[Data for this exercise Boundary: Start]

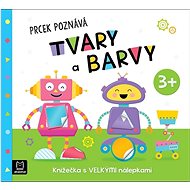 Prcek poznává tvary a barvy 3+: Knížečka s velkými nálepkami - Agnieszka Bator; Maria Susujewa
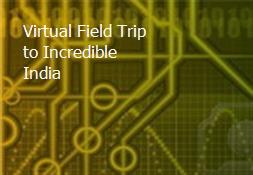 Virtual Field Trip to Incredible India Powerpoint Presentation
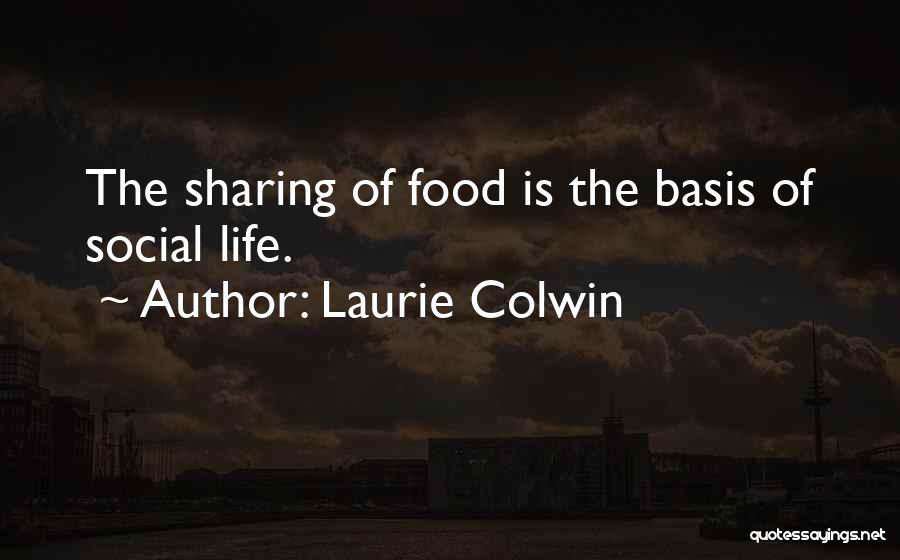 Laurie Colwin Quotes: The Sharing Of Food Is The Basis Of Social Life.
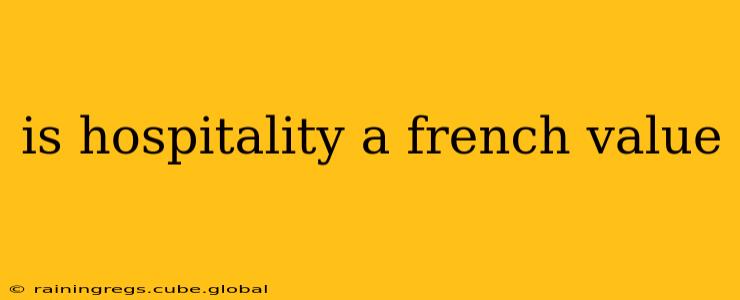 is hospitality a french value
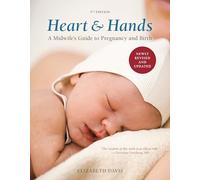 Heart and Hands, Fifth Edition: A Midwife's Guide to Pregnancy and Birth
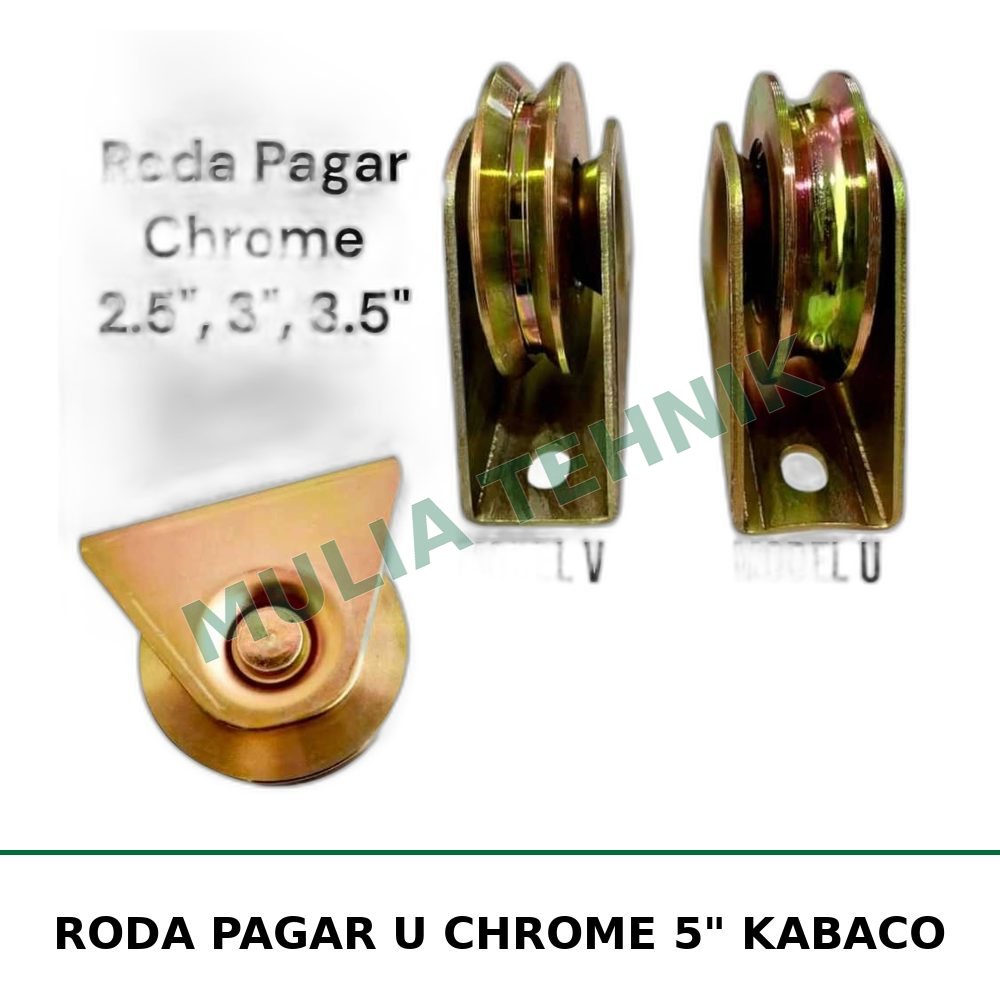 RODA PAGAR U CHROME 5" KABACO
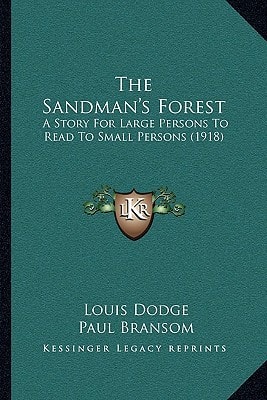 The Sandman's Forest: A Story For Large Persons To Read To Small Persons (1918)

[Data for this exercise Boundary: End]

Work to be completed: Please set down, exactly and with nothing added, the lines from the line with "is hospitality a french value" to the end of the entries above, omitting pictures.

The completed task:
 is hospitality a french value
 Heart and Hands, Fifth Edition: A Midwife's Guide to Pregnancy and Birth
 RODA PAGAR U CHROME 5" KABACO
 The Sandman's Forest: A Story For Large Persons To Read To Small Persons (1918)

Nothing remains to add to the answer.